Hace pocos días, por un canal de comunicación que me reservo por obvias razones, le envié un mensaje al expresidente. Palabras más, palabras menos, le decía que al no conocer yo el odio, así fuéramos enemigos en términos políticos, lo amaba en Cristo. El Divino Maestro nos invitó a bendecir a los que nos maldicen, a querer a los que nos odian y a desearle el bien a quienes nos persiguen. Porque sí, hay que admitirlo con una mezcla de tristeza y valor: Uribe destruyó gran parte de mi vida, pero ese es un tema aparte. En todo caso yo no miro hacia atrás ni me quedo en el pasado ni me pongo en el papel de víctima. Un guerrero de la luz se caracteriza por su carácter y fortaleza. Mi vida es nueva y luminosa.

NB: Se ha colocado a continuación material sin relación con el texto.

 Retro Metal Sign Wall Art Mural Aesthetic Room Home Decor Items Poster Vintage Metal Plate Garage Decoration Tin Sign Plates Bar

En este contexto mi palabra es una espada afilada. La espada de la verdad. Pero la gran diferencia entre este servidor y otros personajes de la vida pública es la metodología: no hay necesidad de igualarse con la oscuridad, sino llevar siempre luz y amor. A mi modo de ver, ese es el mejor camino para que termine el ciclo repetitivo de la violencia. El perdón es la venganza de los buenos, he dicho una y mil veces. Sin embargo, esto no implica bajar la guardia ni desistir en la determinación, que en mi caso consiste en acudir con pruebas al máximo tribunal de la humanidad. Ya vimos que en Colombia por una simple caricia de la Corte Suprema de Justicia se armó un zafarrancho innombrable. A propósito, nuestro país anda por estos días en medio de una expectativa nerviosa y al amparo de una perplejidad psicótica. Parece una ridícula transición desde la patria boba hacia la patria loca: sumen o sustituyan, de todas formas el panorama es preocupante y desalentador. Es hora de reflexionar hacia qué posible abismo nos dirigimos. Aún, creo, es posible evitar la hecatombe o el colapso total.
Mi determinación desde lo legal a nivel internacional solo tiene una salvedad: que el señor Uribe contribuya con la verdad y por ende contribuya con la paz del país. Para ser sincero parece un escenario imposible, pero a mí me encanta lo difícil y para Dios no hay nada imposible.
Señor Uribe, desde la distante soledad de mi exilio lo invito a considerar un escenario del cual ya hablan algunas voces autorizadas: un pacto o acuerdo nacional que detenga la actual violencia generalizada; es decir, la real y la virtual: la de los campos de batalla y la del lenguaje soez y agresivo en redes sociales. Ambas violencias son un efectivo combustible y se retroalimentan mutuamente. Va a llegar en forma inminente un punto de quiebre, pues históricamente así se comportan las coyunturas políticas exacerbadas por los odios. La idea es no contribuir a aumentar las llamas, sino dar pautas para apagar el incendio.